Cicatriz
Marcas da dominação no tecido social.
Cicatriz estreia em meio às revelações dos atos golpistas de 08 de janeiro de 2023
e à premiação do longa nacional Ainda Estou Aqui, no Oscar 2025. Entre o crime
político que gerou a denúncia no cinema e as recentes tentativas de golpe,
passaram-se mais de 50 anos.
O espírito totalitário não dá trégua. O tempo e a história não foram suficientes para
banir as estratégias de dominação, que espertamente ganham formas variadas
para perpetrarem os seus crimes. Este é o objeto do documentário de Débora
Castro. A obra desvela esta patologia social presente nas mais variadas esferas
sociais.
Cicatriz tem como ponto de partida a militância política de Claudinei Cabral,
preso, torturado, humilhado, quase morto pelo DOI CODI e pelo DOPS do Exército
1
brasileiro, em São Paulo, no ano de 1972. A justificativa: criar e encenar peças de
teatro que retratavam a verdade sobre a ditadura militar no Brasil (1964-1985).

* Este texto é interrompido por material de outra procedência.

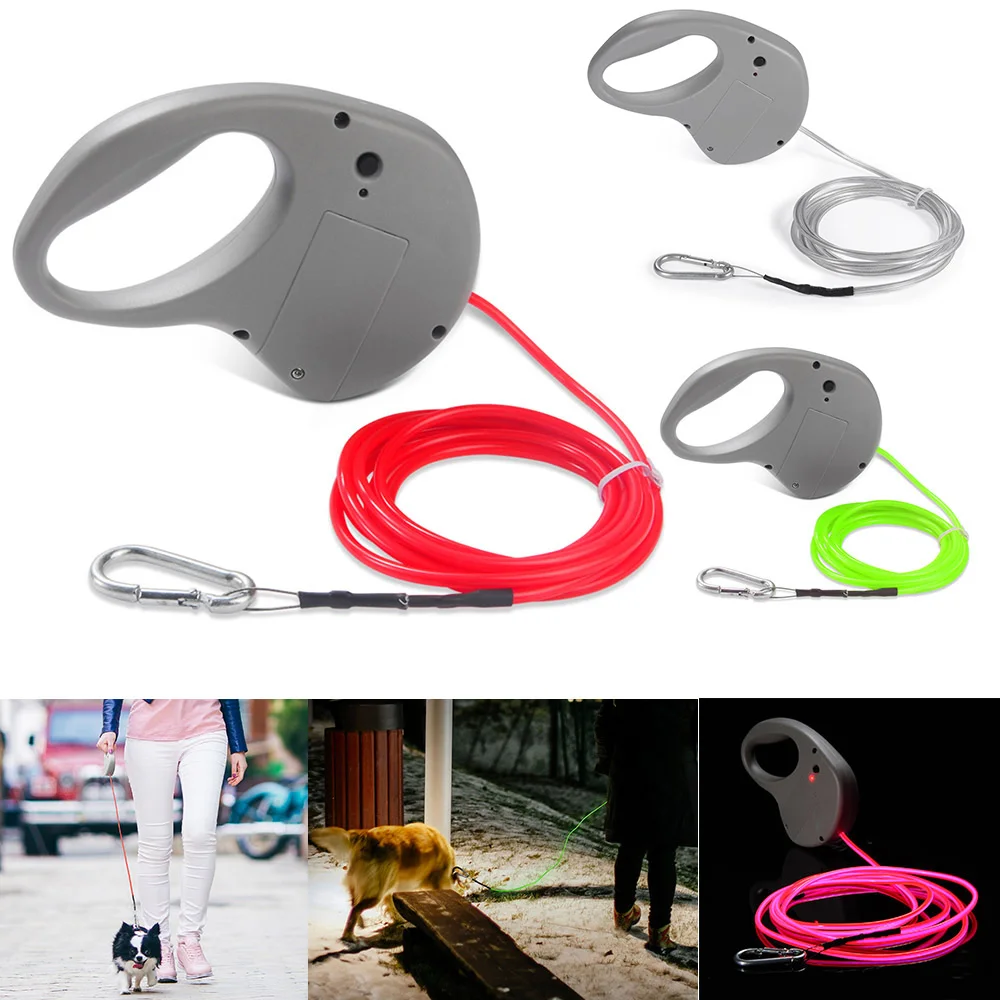 

Light up LED dog Leash Collar Luminous Running Walking Traction Rope Night Safety Flashing Dog Leash Glow Collars Pet Supplies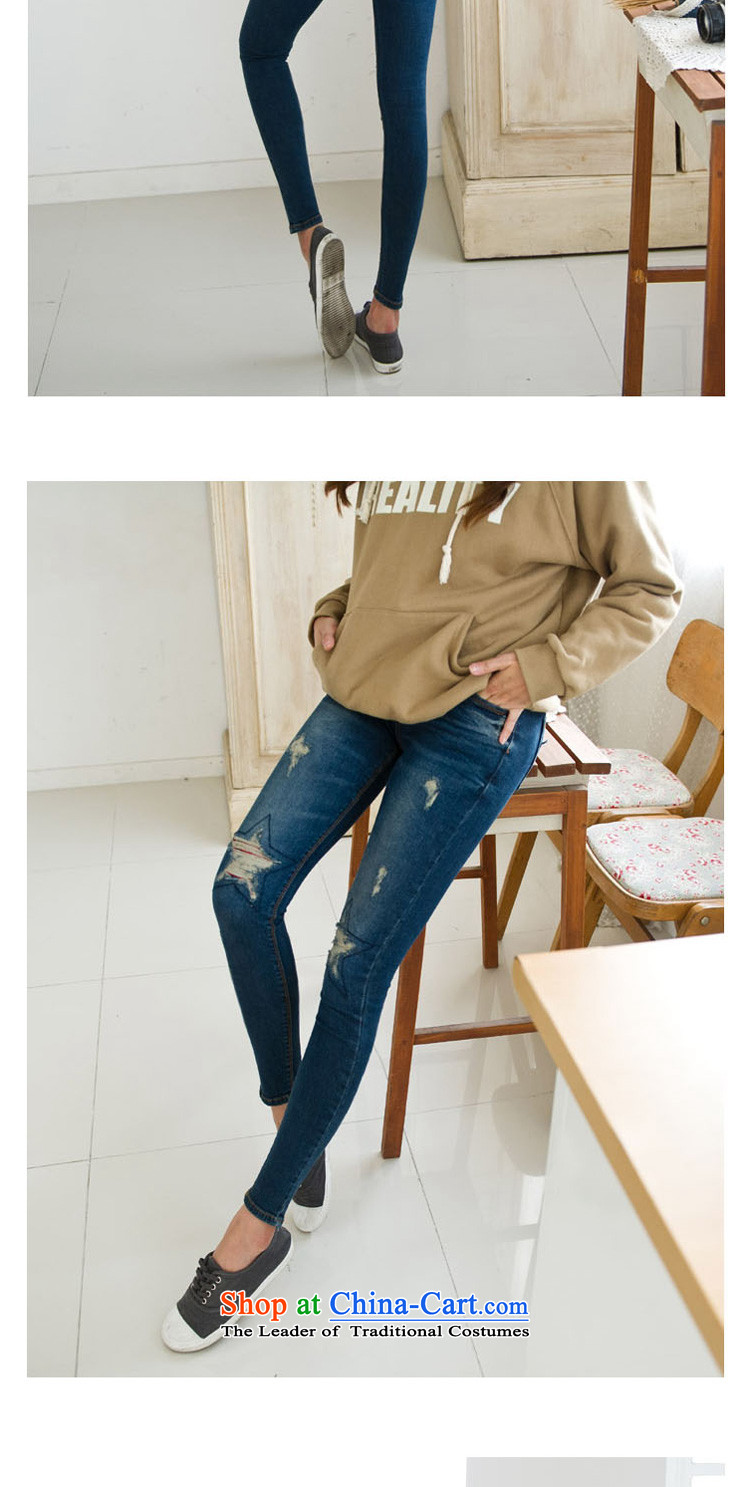 In accordance with the perfect spring and summer 2015 new Korean version of large numbers of the hole in the thick mm Sau San Castor trousers jeans female Y2025 blue 40 pictures, prices, brand platters! The elections are supplied in the national character of distribution, so action, buy now enjoy more preferential! As soon as possible.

O drama, no desenrolar da narrativa, ganha a força desconcertante de história de
família. Quando o pai, Claudinei, no caso, aos poucos, vai assumindo a
representação de todos os oprimidos pelo sistema e as dores e as feridas passam
a ser de todos nós.
Isso acontece, pois o protagonista é um entre os milhares de anônimos libertários.
Gente, que na maioria dos casos, não passa de um número nos registros de
violência do poder, mas que de fato são os heróis reais da democracia e da
liberdade. Eles são os responsáveis pela práxis, formam o coletivo, único e capaz
de dar contornos concretos à resistência.
Claudinei, então, dá corpo e voz aos 479 cidadãos e cidadãs torturados,
desaparecidos e mortos, aos 20 mil torturados e aos 50 mil presos políticos –
números subestimados – que vieram à tona pelas mãos da Comissão da Verdade1
das violações dos direitos humanos durante o regime militar brasileiro.
Mas, os vilões do poder são ardilosos, camuflam-se em inúmeras máscaras. Os
Claudineis, agora, são Paulo, Victor, Adriel, Stefanie e Rafael, jovens pobres da
periferia das grandes cidades, cujas cicatrizes são resultado da violência do atual
regime neoliberal. Em nome da servidão e de colocar nossos iguais na posição de
oprimidos, o sistema lança mão do pau-de-arara ou da brutal desigualdade social, o que dá no mesmo.